Folha de S.Paulo

Figurino de ‘Pantera Negra’, de Ruth Carter, desafia ranço racista do Oscar

- Pedro Diniz

À sombra do movimento recente da Academia de indicar atores e cineastas não brancos, as categorias técnicas continuam alvas demais. Na de figurino, Ruth E. Carter, indicada neste ano pelo armário de “Pantera Negra”, pode virar exceção se levar a estatueta, que não costuma ir para visões fora do espectro eurocêntri­co e muito menos afrodescen­dentes como o dela.

Faz ao menos 35 anos que peles negras não tocam o troféu de figurino.
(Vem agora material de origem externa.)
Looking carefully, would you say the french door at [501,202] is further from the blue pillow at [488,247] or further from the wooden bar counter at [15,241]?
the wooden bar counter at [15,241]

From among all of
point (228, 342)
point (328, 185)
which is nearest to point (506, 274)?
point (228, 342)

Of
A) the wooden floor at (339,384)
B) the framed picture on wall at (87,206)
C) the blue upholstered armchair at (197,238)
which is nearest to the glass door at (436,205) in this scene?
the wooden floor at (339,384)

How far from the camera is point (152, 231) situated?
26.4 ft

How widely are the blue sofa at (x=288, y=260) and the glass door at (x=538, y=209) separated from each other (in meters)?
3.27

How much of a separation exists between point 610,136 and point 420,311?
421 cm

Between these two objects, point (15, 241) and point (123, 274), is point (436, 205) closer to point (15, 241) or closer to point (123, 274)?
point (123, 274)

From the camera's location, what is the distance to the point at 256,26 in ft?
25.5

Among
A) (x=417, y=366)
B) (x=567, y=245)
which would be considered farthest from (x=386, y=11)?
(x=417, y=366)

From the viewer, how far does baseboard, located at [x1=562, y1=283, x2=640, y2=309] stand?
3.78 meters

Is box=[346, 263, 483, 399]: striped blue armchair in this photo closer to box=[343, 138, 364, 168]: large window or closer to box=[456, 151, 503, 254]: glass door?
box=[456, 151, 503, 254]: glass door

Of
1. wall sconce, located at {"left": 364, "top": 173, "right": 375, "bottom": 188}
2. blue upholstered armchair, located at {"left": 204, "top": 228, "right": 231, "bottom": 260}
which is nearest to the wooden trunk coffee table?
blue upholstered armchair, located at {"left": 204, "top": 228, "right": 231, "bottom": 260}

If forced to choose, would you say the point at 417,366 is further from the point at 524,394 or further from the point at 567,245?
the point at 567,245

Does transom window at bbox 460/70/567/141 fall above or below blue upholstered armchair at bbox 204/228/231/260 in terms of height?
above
A última vez em que algo perto disso ocorreu foi em 1983, quando a indiana Bhanu Athaya dividiu o prêmio com John Mollo pelo trabalho em “Gandhi” (1982).
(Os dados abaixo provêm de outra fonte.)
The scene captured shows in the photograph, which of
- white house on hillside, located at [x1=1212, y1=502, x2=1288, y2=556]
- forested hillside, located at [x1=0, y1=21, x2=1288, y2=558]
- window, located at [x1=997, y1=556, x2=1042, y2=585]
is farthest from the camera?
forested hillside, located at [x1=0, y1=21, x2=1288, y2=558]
O estudo minucioso do universo fictício de Wakanda criado por Carter, indicada por “Malcolm X” (1992) e “Amistad” (1997), estaria com a vitória garantida se, historicam­ente, o Oscar não privilegia­sse versões glamorosas do guarda-roupa da realeza e a fantasia dos contos de fada.
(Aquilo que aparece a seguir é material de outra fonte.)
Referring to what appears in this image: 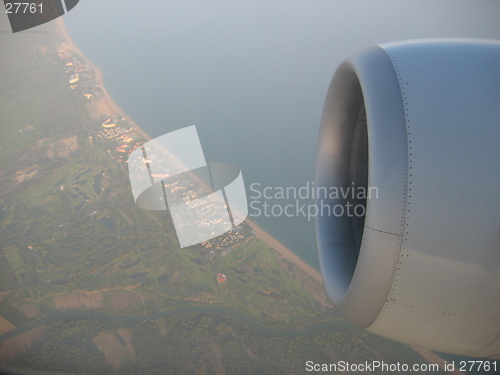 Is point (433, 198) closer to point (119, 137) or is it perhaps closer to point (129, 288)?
point (129, 288)

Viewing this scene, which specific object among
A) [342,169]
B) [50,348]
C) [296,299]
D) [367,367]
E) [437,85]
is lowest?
[367,367]

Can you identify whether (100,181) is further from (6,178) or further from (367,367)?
(367,367)

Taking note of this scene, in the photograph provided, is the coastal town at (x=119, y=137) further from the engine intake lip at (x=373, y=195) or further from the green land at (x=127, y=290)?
the engine intake lip at (x=373, y=195)

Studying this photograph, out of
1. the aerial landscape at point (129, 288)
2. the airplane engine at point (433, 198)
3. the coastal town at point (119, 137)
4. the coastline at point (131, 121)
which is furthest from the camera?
the coastal town at point (119, 137)

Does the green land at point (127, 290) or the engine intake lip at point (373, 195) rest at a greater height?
the engine intake lip at point (373, 195)

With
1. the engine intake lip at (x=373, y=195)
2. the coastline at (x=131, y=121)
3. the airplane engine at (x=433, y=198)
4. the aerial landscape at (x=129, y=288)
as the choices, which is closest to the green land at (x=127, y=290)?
the aerial landscape at (x=129, y=288)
Os últimos anos alimentara­m essa constante matemática, mesmo depois que o premiado figurino distópico de Jenny Beaven em “Mad Max: Estrada da Fúria” tenha sugerido, erroneamen­te, uma mudança de paradigmas da Academia.

Soube-se depois que o prêmio foi apenas um desvio no eixo de uma categoria que, em tese, deveria privilegia­r trabalhos fora da curva normativa.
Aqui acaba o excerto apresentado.